El adversario, en consecuencia, no era el bloque geopolítico antagónico, sino una poderosa y globalizada organización criminal. Cipol (Comisión Internacional Para la Observancia de la Ley) era la traducción al castellano del original Uncle (en inglés, United Network Command for Law and Enforcement). Y su antagonista se llamaba Thrush, una organización cuyo significado nunca se reveló, alentando innumerables juegos especulativos.
Este espíritu sofisticado, elegante, cargado de intrigas, enigmas, visitas a lugares exóticos (reales o ficticios), conspiraciones de todo tipo y villanos increíbles se reflejó por cierto casi en estado puro a través de las cuatro temporadas de El agente de Cipol, pero también tuvo su correspondencia en muchas otras aventuras televisivas de la época, luego adaptadas al cine. Una década prolífica en comedias y aventuras que pasaron a la pantalla grande con fortuna muy dispar.
El caso de Cipol tardó más en concretarse, tal vez, porque sus responsables quisieron pisar sobre seguro frente a la doble experiencia que se había registrado ante sus ojos.
De un lado, el éxito de Misión imposible después de cinco películas muy logradas. Es, sin embargo, la última (Nación secreta, todavía en cartel) la que más parece identificarse con el mundo original. Del otro aparece el fracaso de la adaptación al cine de la serie Yo soy espía (1965-68), en la que dos agentes (Robert Culp y el hoy castigado Bill Cosby) se disfrazan de tenistas para encubrir las misiones secretas a las que son asignados. Nadie recuerda la película de 2002, con Owen Wilson y Eddie Murphy.
Frente a esa doble mirada se instala El agente de Cipol. Después de casi 20 años de búsqueda y de un sinfín de borradores descartados con toda clase de directores y actores involucrados, el británico Guy Ritchie tomó el comando de este desembarco en el cine.
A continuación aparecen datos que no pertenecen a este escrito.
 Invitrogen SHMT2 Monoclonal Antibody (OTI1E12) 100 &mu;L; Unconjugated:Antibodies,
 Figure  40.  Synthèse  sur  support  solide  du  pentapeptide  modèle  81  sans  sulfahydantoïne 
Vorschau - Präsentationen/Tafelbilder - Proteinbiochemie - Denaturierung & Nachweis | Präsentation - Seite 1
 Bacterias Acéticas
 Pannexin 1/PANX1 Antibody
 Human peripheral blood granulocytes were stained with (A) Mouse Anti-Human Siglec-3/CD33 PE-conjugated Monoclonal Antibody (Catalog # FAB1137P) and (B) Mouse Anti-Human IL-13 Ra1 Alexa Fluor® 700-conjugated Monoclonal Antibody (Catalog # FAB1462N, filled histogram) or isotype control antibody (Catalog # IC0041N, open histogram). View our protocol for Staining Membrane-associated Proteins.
Ritchie recurrió a múltiples influencias y apuestas bastante arriesgadas para cumplir su cometido. El director de las películas de Sherlock Holmes y ex esposo de Madonna, reconocido por su talento para narrar con un modelo vertiginoso de montaje y estética de clip, reconoció hace poco a The Hollywood Reporter que su primera opción para el papel de Solo fue Brad Pitt, pero no se interesó para nada. Quien sí se entusiasmó fue Tom Cruise, forzado a bajarse por su compromiso con la última Misión imposible (una aventura actual, pero digna de aquel tiempo de Guerra Fría). Finalmente, Ritchie ensayó una vuelta de tuerca: puso al inglés Henry Cavill (el último Superman) a hacer del estadounidense Solo, y al californiano Arnie Hammer (El llanero solitario) a practicar su acento ruso como Kuryakin.
Entre ellos, para darle más lustre internacional a una producción que recorre escenarios germanos e italianos, aparecen la sueca Alicia Vikander, la francesa Elizabeth Devicki, el italiano Luca Calvani, los alemanes Sylvester Groth y Cristian Berkel, el ruso Mitscha Kusnetzov y los ingleses Jared Harris y Hugh Grant. Este último es Alexander Waverly, el hombre fuerte de Cipol, que en la serie interpretó el venerable Leo G. Carroll.
Todo es cuestión de estilo. Hasta en el título de cada episodio, variaciones de un original inalterable: “El asunto de…”. Un símbolo de los años 60, una década rebosante de series felices que años después se convirtieron en películas a veces brillantes y a veces no tan gratas.